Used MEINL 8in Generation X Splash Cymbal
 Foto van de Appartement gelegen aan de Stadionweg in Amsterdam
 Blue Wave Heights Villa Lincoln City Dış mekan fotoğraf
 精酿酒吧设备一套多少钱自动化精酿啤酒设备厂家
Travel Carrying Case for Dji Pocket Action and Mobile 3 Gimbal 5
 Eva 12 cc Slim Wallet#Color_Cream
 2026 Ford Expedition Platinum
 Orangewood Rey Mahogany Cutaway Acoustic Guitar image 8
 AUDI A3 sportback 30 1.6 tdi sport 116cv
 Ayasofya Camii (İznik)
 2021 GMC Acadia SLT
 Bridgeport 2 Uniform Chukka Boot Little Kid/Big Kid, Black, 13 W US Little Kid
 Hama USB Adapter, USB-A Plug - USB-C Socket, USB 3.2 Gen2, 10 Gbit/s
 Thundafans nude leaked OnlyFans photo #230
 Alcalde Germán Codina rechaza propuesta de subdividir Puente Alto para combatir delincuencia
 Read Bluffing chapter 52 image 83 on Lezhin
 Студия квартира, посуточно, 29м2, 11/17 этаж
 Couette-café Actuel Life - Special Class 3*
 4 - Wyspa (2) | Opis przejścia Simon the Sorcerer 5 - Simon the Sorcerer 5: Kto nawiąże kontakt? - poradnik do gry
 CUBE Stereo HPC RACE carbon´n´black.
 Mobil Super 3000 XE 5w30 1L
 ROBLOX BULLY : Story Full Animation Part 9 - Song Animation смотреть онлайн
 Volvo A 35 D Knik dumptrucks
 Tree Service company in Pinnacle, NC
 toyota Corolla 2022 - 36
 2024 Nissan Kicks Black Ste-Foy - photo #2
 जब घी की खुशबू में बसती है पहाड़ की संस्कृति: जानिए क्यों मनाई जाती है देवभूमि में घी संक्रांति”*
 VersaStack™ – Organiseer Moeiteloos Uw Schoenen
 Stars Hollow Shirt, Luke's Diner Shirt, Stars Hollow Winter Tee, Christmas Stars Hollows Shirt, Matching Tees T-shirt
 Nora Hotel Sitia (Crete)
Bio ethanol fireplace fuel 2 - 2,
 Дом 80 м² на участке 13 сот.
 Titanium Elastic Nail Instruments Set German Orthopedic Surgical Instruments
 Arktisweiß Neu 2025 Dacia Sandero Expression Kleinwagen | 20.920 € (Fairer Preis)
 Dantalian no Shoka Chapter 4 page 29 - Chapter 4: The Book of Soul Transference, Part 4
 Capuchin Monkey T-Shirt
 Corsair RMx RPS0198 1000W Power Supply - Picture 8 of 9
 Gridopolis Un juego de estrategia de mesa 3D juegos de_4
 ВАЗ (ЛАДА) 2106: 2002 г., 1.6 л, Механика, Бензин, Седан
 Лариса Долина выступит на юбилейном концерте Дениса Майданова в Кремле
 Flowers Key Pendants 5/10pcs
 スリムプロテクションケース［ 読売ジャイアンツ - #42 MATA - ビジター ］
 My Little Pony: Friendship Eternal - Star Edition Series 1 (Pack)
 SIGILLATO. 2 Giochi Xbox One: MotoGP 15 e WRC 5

WHAT THE EXERCISE ASKS:
Give back the full listing exactly as it stands above.

EXPECTED ANSWER:
Used MEINL 8in Generation X Splash Cymbal
 Foto van de Appartement gelegen aan de Stadionweg in Amsterdam
 Blue Wave Heights Villa Lincoln City Dış mekan fotoğraf
 精酿酒吧设备一套多少钱自动化精酿啤酒设备厂家
Travel Carrying Case for Dji Pocket Action and Mobile 3 Gimbal 5
 Eva 12 cc Slim Wallet#Color_Cream
 2026 Ford Expedition Platinum
 Orangewood Rey Mahogany Cutaway Acoustic Guitar image 8
 AUDI A3 sportback 30 1.6 tdi sport 116cv
 Ayasofya Camii (İznik)
 2021 GMC Acadia SLT
 Bridgeport 2 Uniform Chukka Boot Little Kid/Big Kid, Black, 13 W US Little Kid
 Hama USB Adapter, USB-A Plug - USB-C Socket, USB 3.2 Gen2, 10 Gbit/s
 Thundafans nude leaked OnlyFans photo #230
 Alcalde Germán Codina rechaza propuesta de subdividir Puente Alto para combatir delincuencia
 Read Bluffing chapter 52 image 83 on Lezhin
 Студия квартира, посуточно, 29м2, 11/17 этаж
 Couette-café Actuel Life - Special Class 3*
 4 - Wyspa (2) | Opis przejścia Simon the Sorcerer 5 - Simon the Sorcerer 5: Kto nawiąże kontakt? - poradnik do gry
 CUBE Stereo HPC RACE carbon´n´black.
 Mobil Super 3000 XE 5w30 1L
 ROBLOX BULLY : Story Full Animation Part 9 - Song Animation смотреть онлайн
 Volvo A 35 D Knik dumptrucks
 Tree Service company in Pinnacle, NC
 toyota Corolla 2022 - 36
 2024 Nissan Kicks Black Ste-Foy - photo #2
 जब घी की खुशबू में बसती है पहाड़ की संस्कृति: जानिए क्यों मनाई जाती है देवभूमि में घी संक्रांति”*
 VersaStack™ – Organiseer Moeiteloos Uw Schoenen
 Stars Hollow Shirt, Luke's Diner Shirt, Stars Hollow Winter Tee, Christmas Stars Hollows Shirt, Matching Tees T-shirt
 Nora Hotel Sitia (Crete)
Bio ethanol fireplace fuel 2 - 2,
 Дом 80 м² на участке 13 сот.
 Titanium Elastic Nail Instruments Set German Orthopedic Surgical Instruments
 Arktisweiß Neu 2025 Dacia Sandero Expression Kleinwagen | 20.920 € (Fairer Preis)
 Dantalian no Shoka Chapter 4 page 29 - Chapter 4: The Book of Soul Transference, Part 4
 Capuchin Monkey T-Shirt
 Corsair RMx RPS0198 1000W Power Supply - Picture 8 of 9
 Gridopolis Un juego de estrategia de mesa 3D juegos de_4
 ВАЗ (ЛАДА) 2106: 2002 г., 1.6 л, Механика, Бензин, Седан
 Лариса Долина выступит на юбилейном концерте Дениса Майданова в Кремле
 Flowers Key Pendants 5/10pcs
 スリムプロテクションケース［ 読売ジャイアンツ - #42 MATA - ビジター ］
 My Little Pony: Friendship Eternal - Star Edition Series 1 (Pack)
 SIGILLATO. 2 Giochi Xbox One: MotoGP 15 e WRC 5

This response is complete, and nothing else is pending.